An attemperator is a coil of pipe that usually lies downstream of a steam turbine or boiler. Its basic function is to regulate the temperature of steam by either running cold or hot water. In this article, you will learn an attemperator’s working principle, its use in boilers, compare an attemperator vs a desuperheater, and learn how an attemperator valve works.
Mostly, attemperators serve to reduce the temperature of superheated steam so that downstream equipment does not fail. This is common in industrial processes that deliver both power generation and heating, or when deploying various stages of heating. An attemperator comes in-between stages to ensure the steam is at the right temperature before subsequent steps in the cycle. The way it achieves this depends on its type, which can be either spray or indirect contact.
Spray Type Attemperator
The basic working principle for all attemperators is to take the heat out of a system by the introduction of liquid water. For the spray type, multiple nozzles spray liquid water directly on the steam, intermittently. As a result, the liquid takes up some energy from the steam and vaporizes. Thereby it reduces the temperature of the system.
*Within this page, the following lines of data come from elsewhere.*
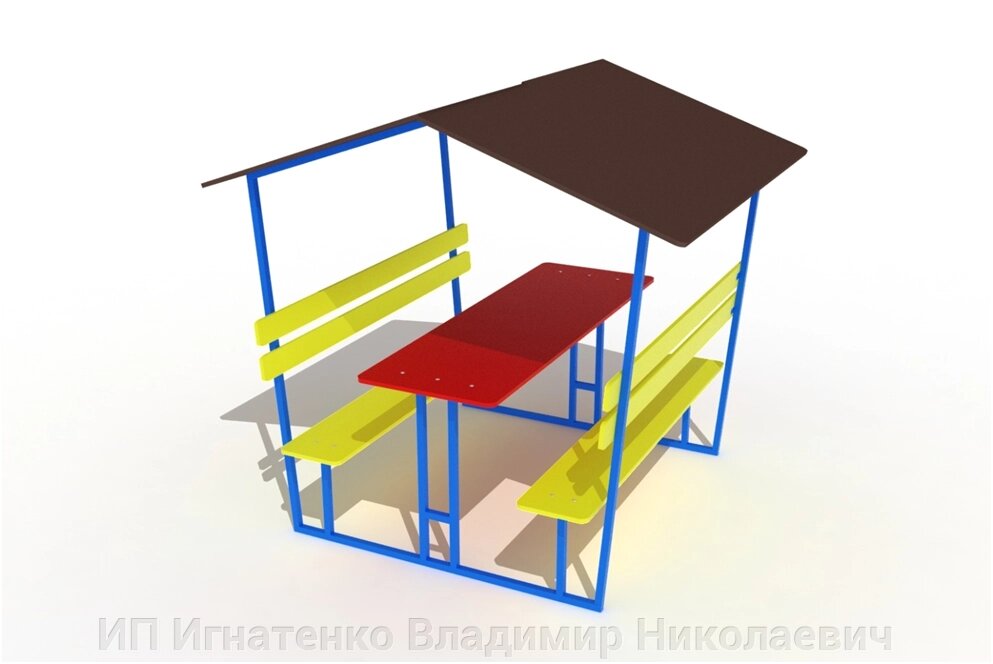 Оборудование для детской площадки Столик взрослый с навесом МФ 305 от компании ИП Игнатенко Владимир Николаевич - фото 1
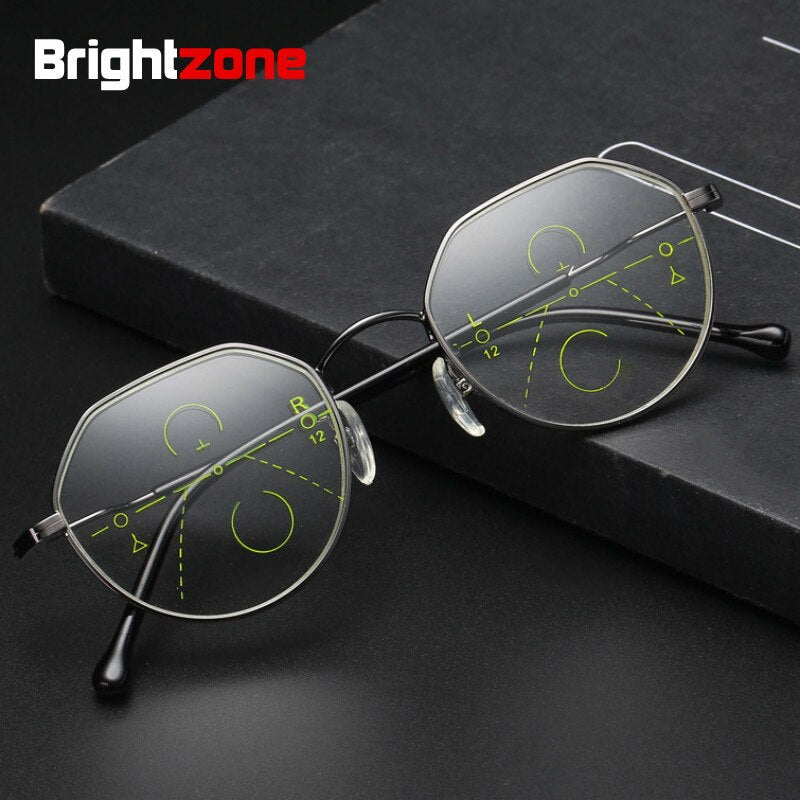Unisex Progressive Presbyopic Progressive Reading Glasses Geometric Alloy Frame Reading Glasses Brightzone   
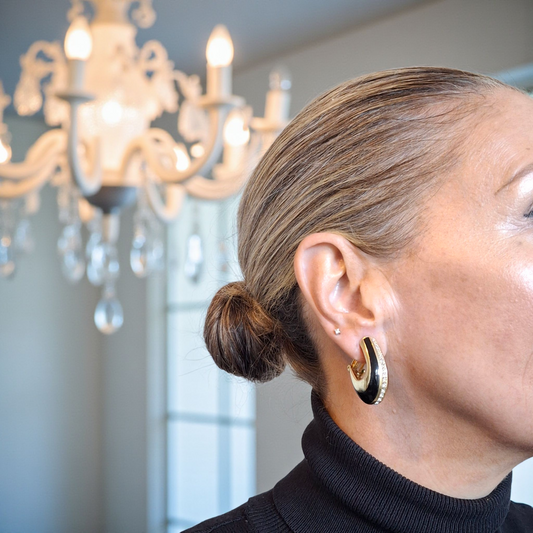 Vintage Christian Dior Black & Gold Enamelled Earrings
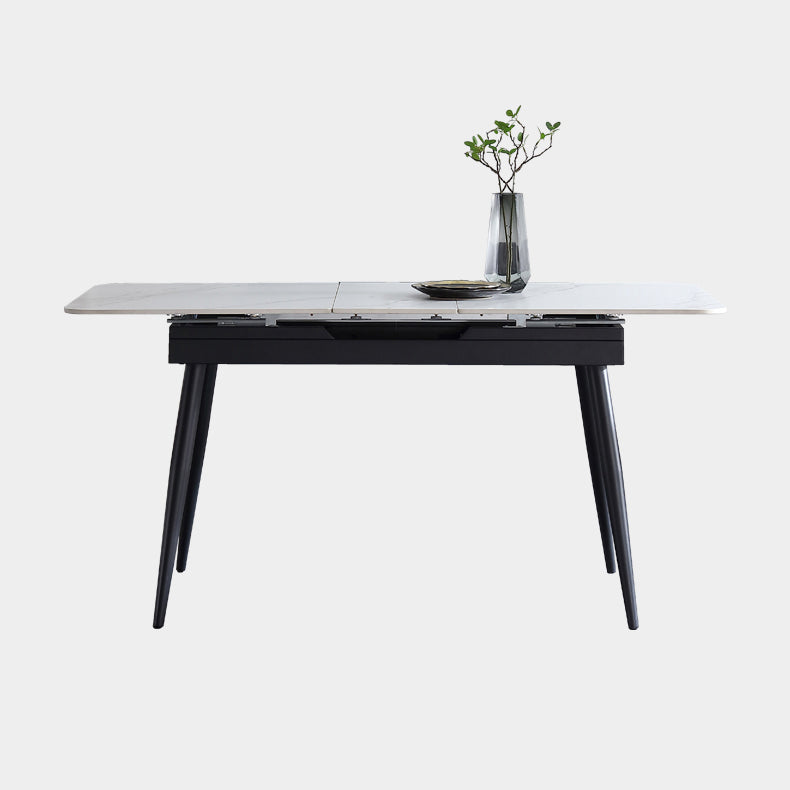 Rectangle Contemporary Sintered Stone Dining Room Set with Removable Leaf Dining Furniture Set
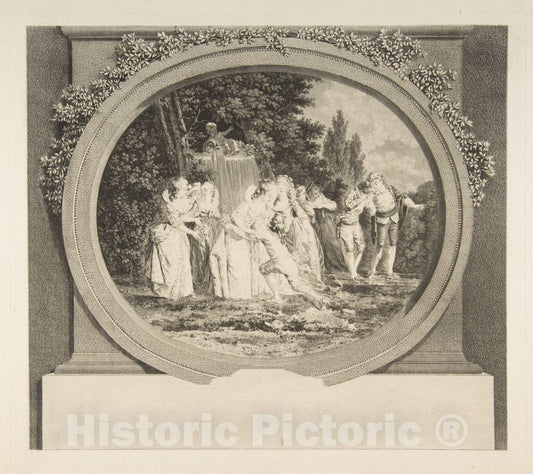 Art Print : Jean Honoré Fragonard - Jeu de Societe Dans un PARC 1 : Vintage Wall Art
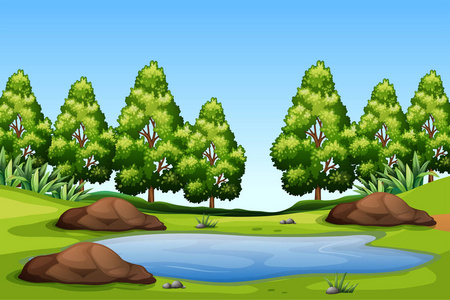 自然绿色景观插图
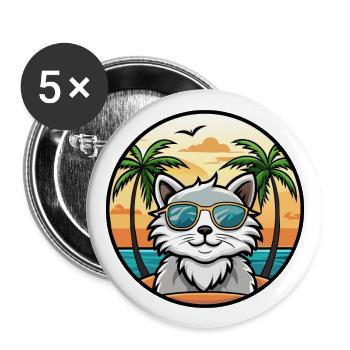 Selkirk Rex Katzenrasse Cartoon Sonnenbrille Strand - Buttons groß 56 mm (5er Pack) - Weiß - Vorne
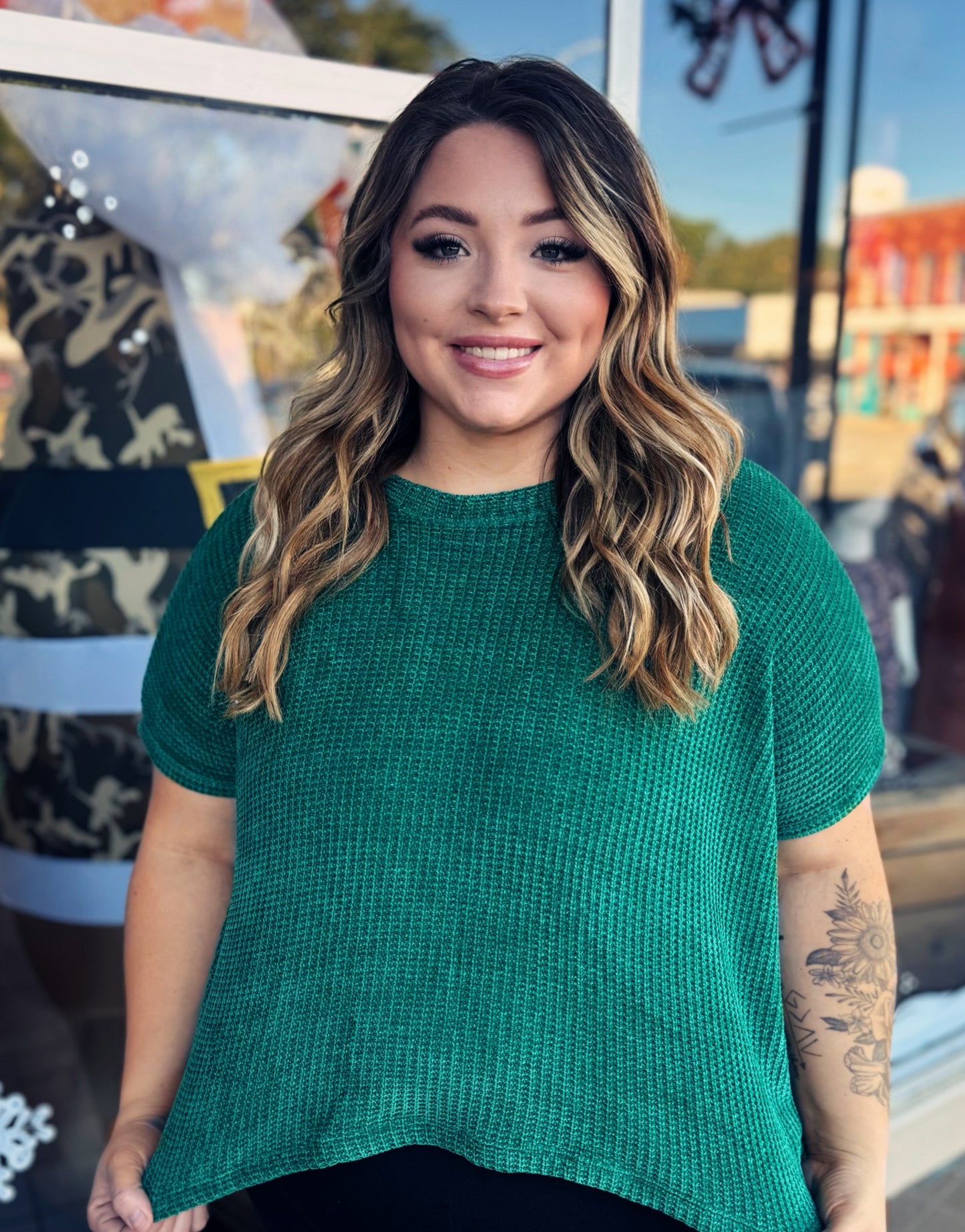 Curvy Emerald Waffle Knit Top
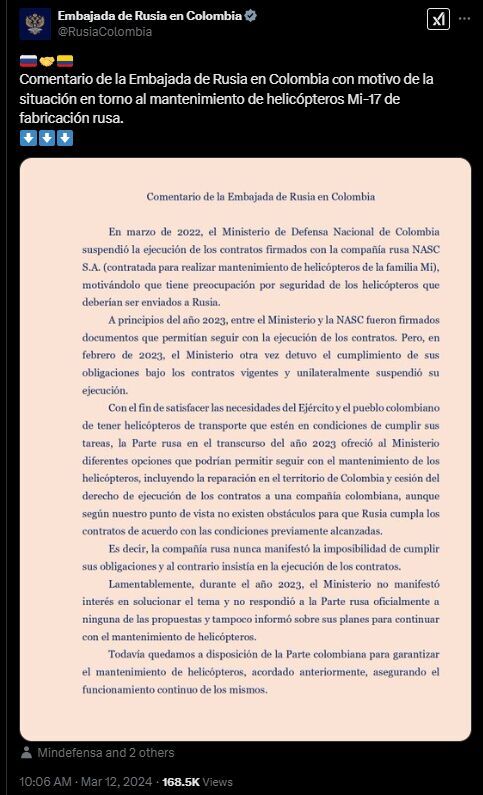 Ilustración 2 Trino de la Embajada Rusa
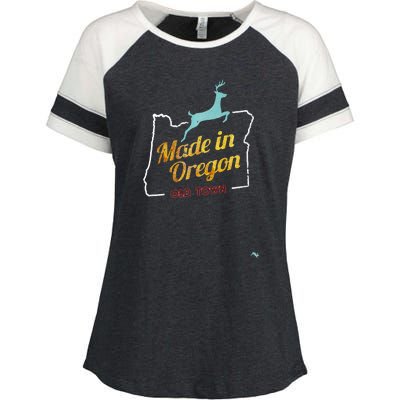 Made In Oregon Stag Enza Ladies Jersey Colorblock Tee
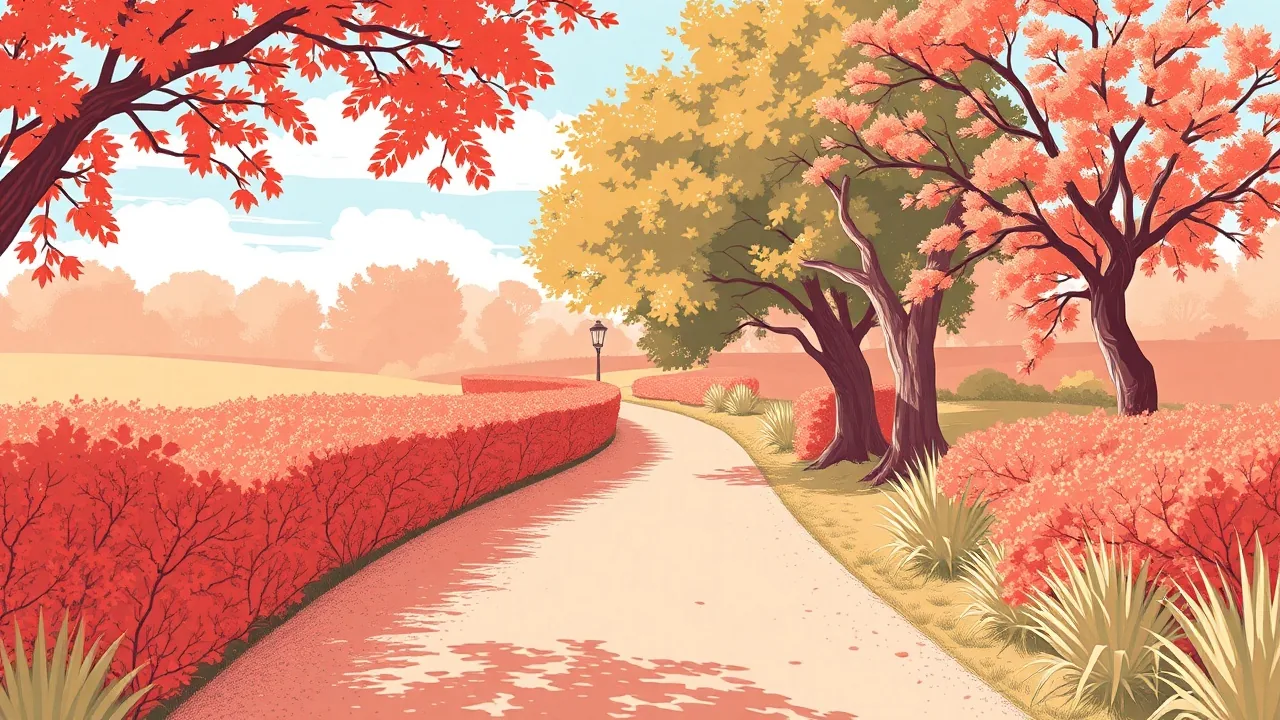 Illustration éditoriale : un chemin de jardin qui se sépare en deux, une allée bordée d'une haie taillée corail et un sentier ouvert vers un champ baigné de lumière, ciel bleu lagon en fond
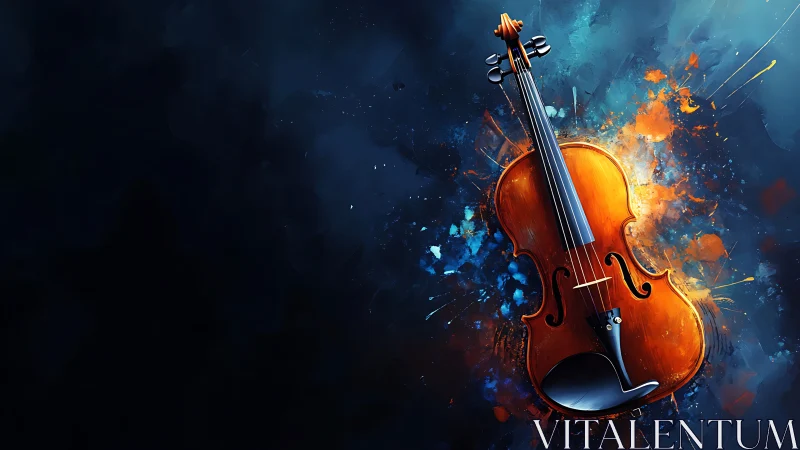 Violin isolated against abstract blue and orange field.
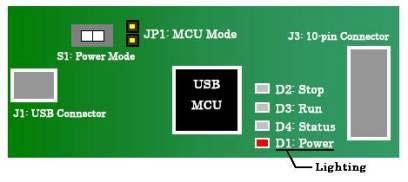 ) Target Interface 10-pin connection with starter- kit or target board. Please read 'Target Board Connectivity' on how to design the target hardware to connect the USB Monitor Board.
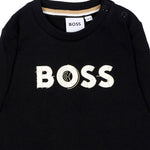 BOSS Kids T-shirt Nera a Maniche Lunghe con Logo Stampato per Neonati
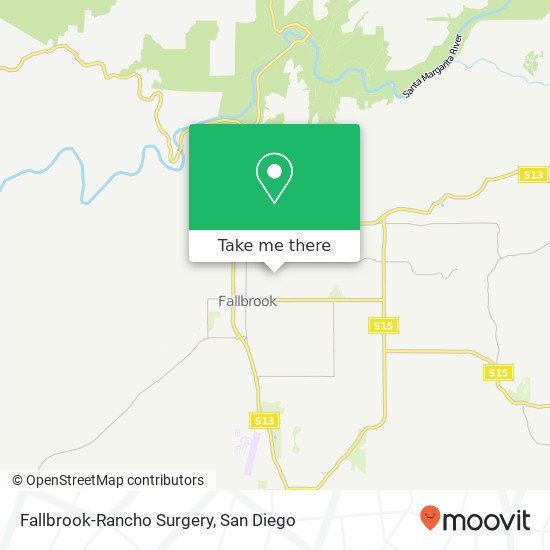 Fallbrook-Rancho Surgery map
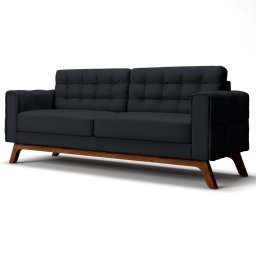 Sofá 280cm 4 Lugares Sandero C-300 Veludo Preto - Domi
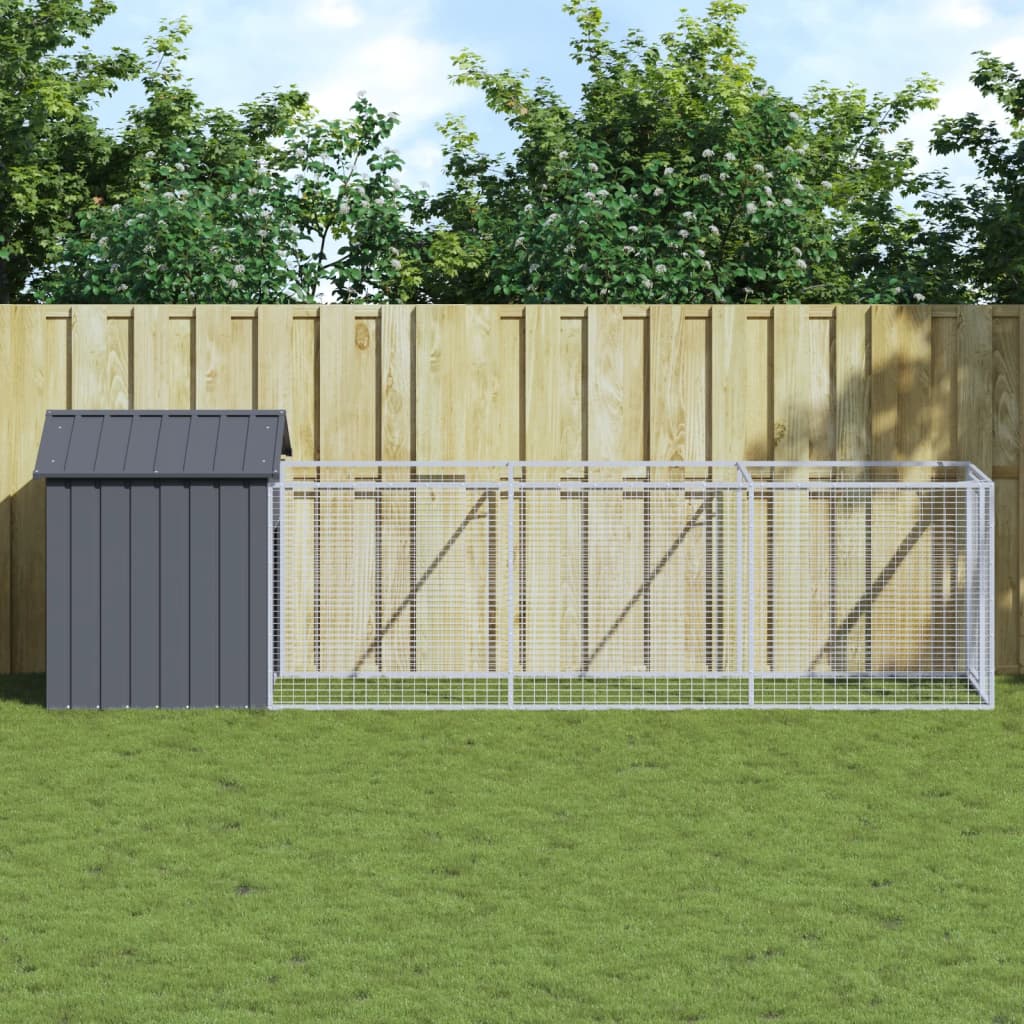Cușcă câine cu acoperiș antracit 117x405x123 cm oțel galvanizat GartenMobel Dekor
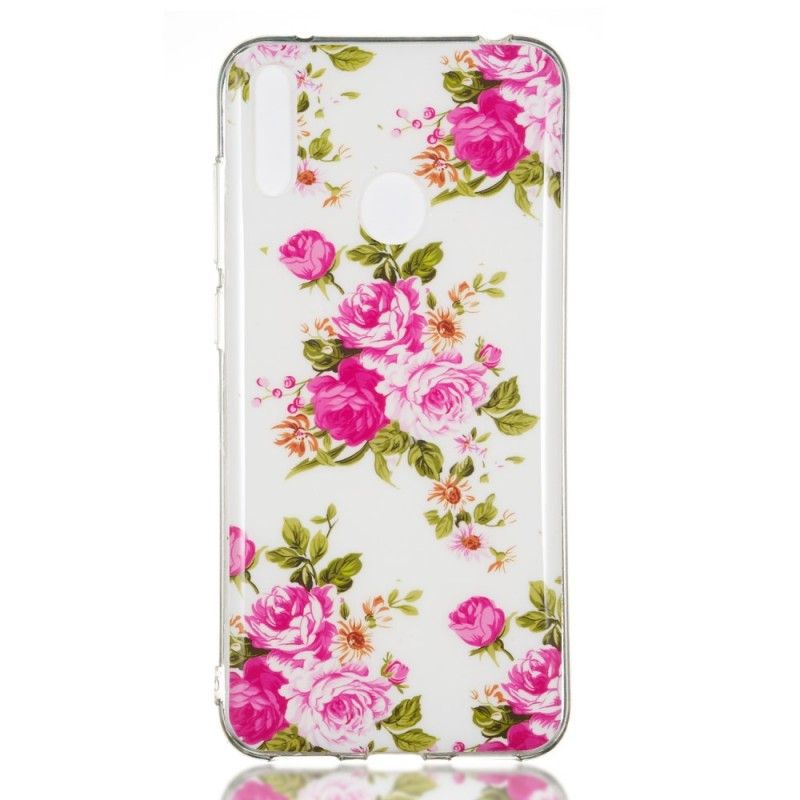 Case Hoesje Huawei Y7 2019 Telefoonhoesje Fluorescerende Vrijheidsbloemen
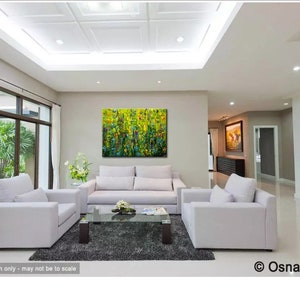 May include: A modern living room with white sofas, a glass coffee table, and a large abstract painting with green and yellow hues. The room has large windows and a neutral color palette.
The temperature and the flow rate of the incoming steam determine the influx rate from the nozzles. Because of the direct contact, this method is efficient in heat exchange. However, exposing the nozzle assembly to thermal cycles results in deterioration over time, leading to the sporadic release of water into the steam. Mitigating this requires the use of durable materials and mechanisms for the nozzle assembly.
Indirect Contact Attemperator
In the indirect contact attemperator, the heat exchange between the liquid water and superheated steam can occur via a solid boundary. Typically, this involves a shell and tube setup, where the steam runs through the tubes and the liquid water occupies the larger shell area.
Controlling the temperature of the desuperheated steam occurs by regulating the pressure or flow rate of the liquid water. Controlling the flow rate of the water is preferable on most occasions.
Although the indirect contact attemperator eliminates nozzle assembly challenges, it is less efficient. Also, the setup is bulkier, more expensive, and prone to scale buildup on its walls, which hinders heat exchange.
No matter the application of an attemperator, there are two key parameters that serve to qualify its performance. First is its turndown, which describes the range of flow rates over which it can operate. Moreover, this turndown is a ratio of the maximum flow to the minimum flow and can be determined for the steam or the cooling water flow.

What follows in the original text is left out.